I reported the " Gray arrow screen" to Tivo and received this response: I will consult this one to our development team so they can give us recommendations. I"ll make sure to let you know once we have an update. We apologize for the inconvenience this may cause.


----------



## jjberger2134 (Nov 20, 2002)

KJN said:


> I reported the " Gray arrow screen" to Tivo and received this response: I will consult this one to our development team so they can give us recommendations. I"ll make sure to let you know once we have an update. We apologize for the inconvenience this may cause.

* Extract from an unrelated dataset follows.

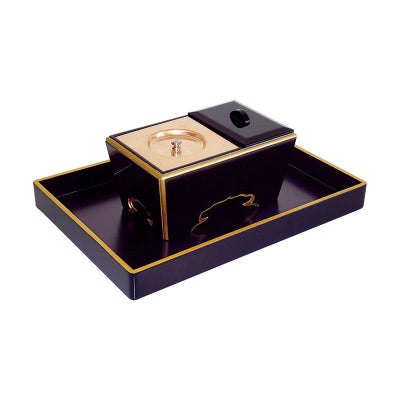 角香炉セット 黒塗渕金塗 2510-0600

I had this problem as well (running software version 21.9.6.v5). I am hesitant to say this, but I believe that it is currently fixed. Here are the steps I took to resolve:

1. Call TiVo at 877-367-8486. Speak with Tech Support and report the issue. Kindly ask them to remove the pre-roll ads from your account. Tell them you believe this to be a bug, and you've seen reports online of the same issue.
2. After the call, repeat guided setup (just guided setup, NOT a clear and delete). Wait overnight.
3. Connect to the TiVo service 2-3 times and make sure the updates are successful.
4. Restart TiVo

I did steps 1 and 2 on Saturday morning. Then today (Sunday), I did steps 3 and 4. I have tested almost every recorded program on my Bolt, and have not seen the Grey screen with arrows. Granted it's only been a few hours, but I haven't seen the issue again. Hoping this resolved the problem.


----------



## lujan (May 24, 2010)

jjberger2134 said:


> I had this problem as well (running software version 21.9.6.v5). I am hesitant to say this, but I believe that it is currently fixed. Here are the steps I took to resolve:
> 
> 1. Call TiVo at 877-367-8486. Speak with Tech Support and report the issue. Kindly ask them to remove the pre-roll ads from your account. Tell them you believe this to be a bug, and you've seen reports online of the same issue.
> 2. After the call, repeat guided setup (just guided setup, NOT a clear and delete). Wait overnight.
> ...


Worked perfectly. Don't know if all the steps are necessary but it worked and thanks for posting. Glad to be rid of those ads!


----------



## jjberger2134 (Nov 20, 2002)

lujan said:


> Worked perfectly. Don't know if all the steps are necessary but it worked and thanks for posting. Glad to be rid of those ads!


Great! Glad it worked for you as well. I agree with there are too many steps but this is what I was told and it worked.


----------